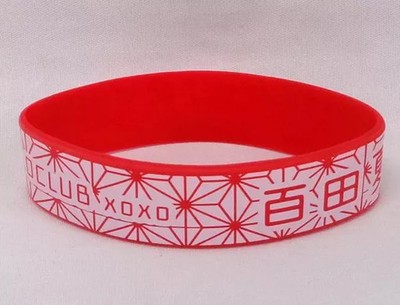 Momoiro Clover Z Kanako Momota Nippon Broadcasting Wristband 2020 Used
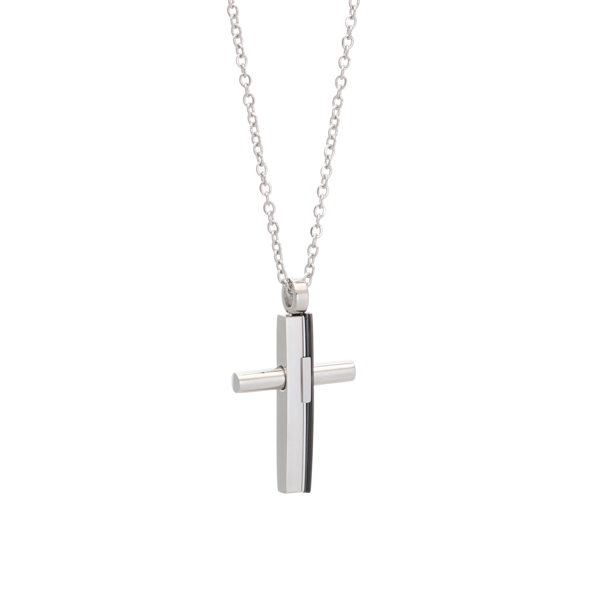 Εικόνα της CROSS STEEL WITH BLACK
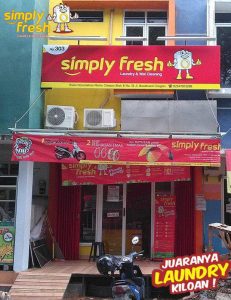 laundry di jawa barat
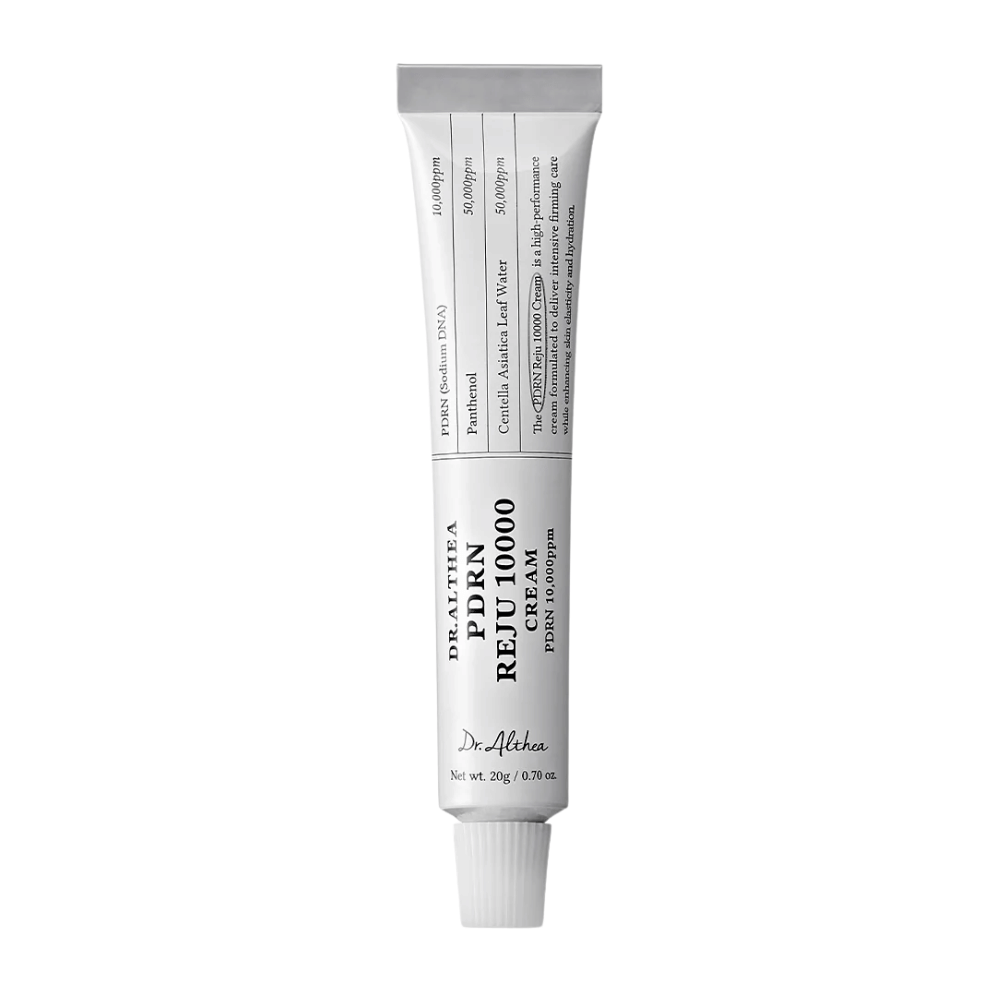 Dr. Althea PDRN Reju 10000 Cream 20 g – produktový obrázok pleťového krému s 10 000 ppm PDRN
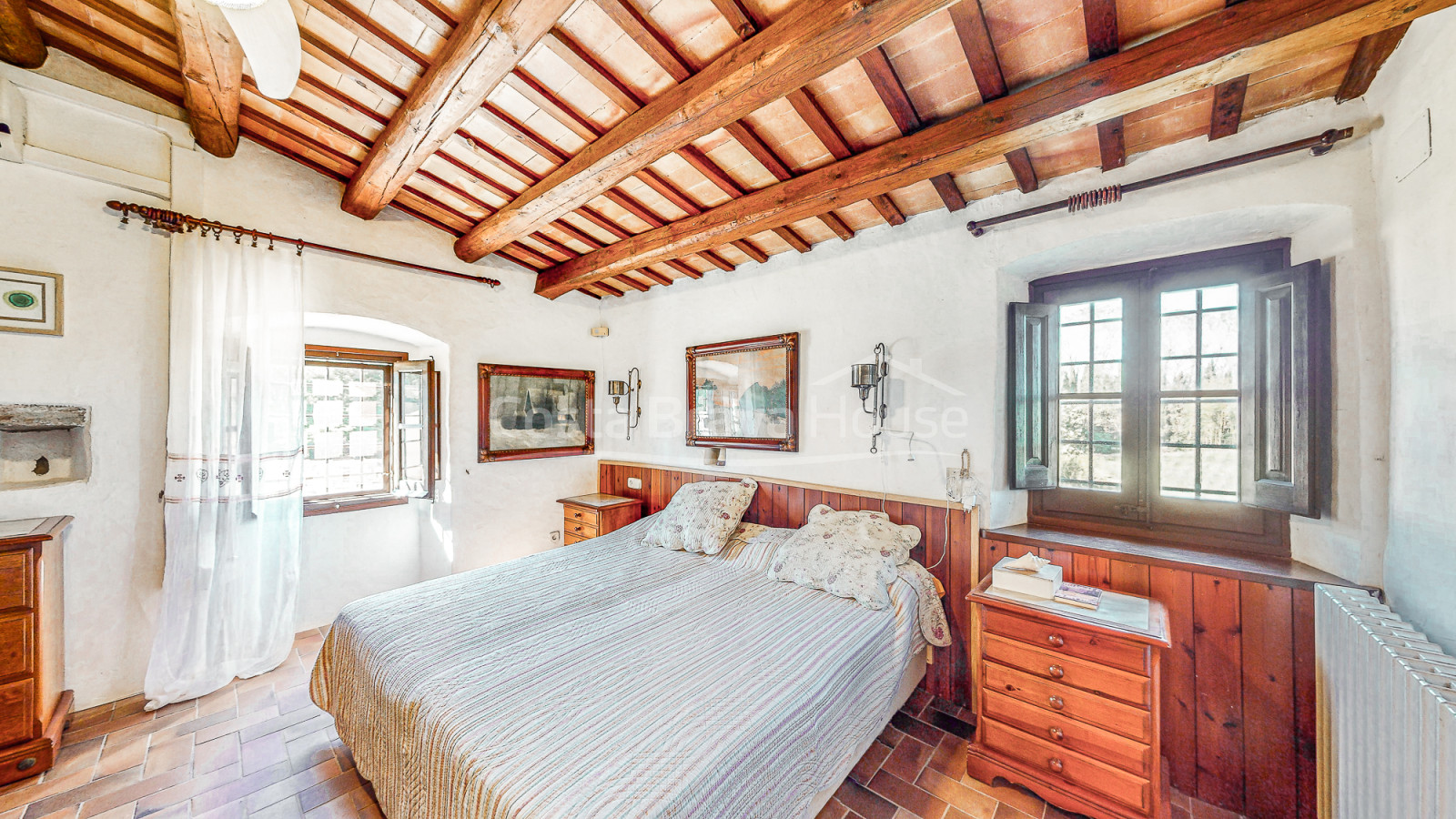 Exclusief Catalaans landhuis bij Begur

* * *

With images excluded, write the records above out again exactly.

Solution for this problem:
 Momoiro Clover Z Kanako Momota Nippon Broadcasting Wristband 2020 Used
 Εικόνα της CROSS STEEL WITH BLACK
 laundry di jawa barat
 Dr. Althea PDRN Reju 10000 Cream 20 g – produktový obrázok pleťového krému s 10 000 ppm PDRN
 Exclusief Catalaans landhuis bij Begur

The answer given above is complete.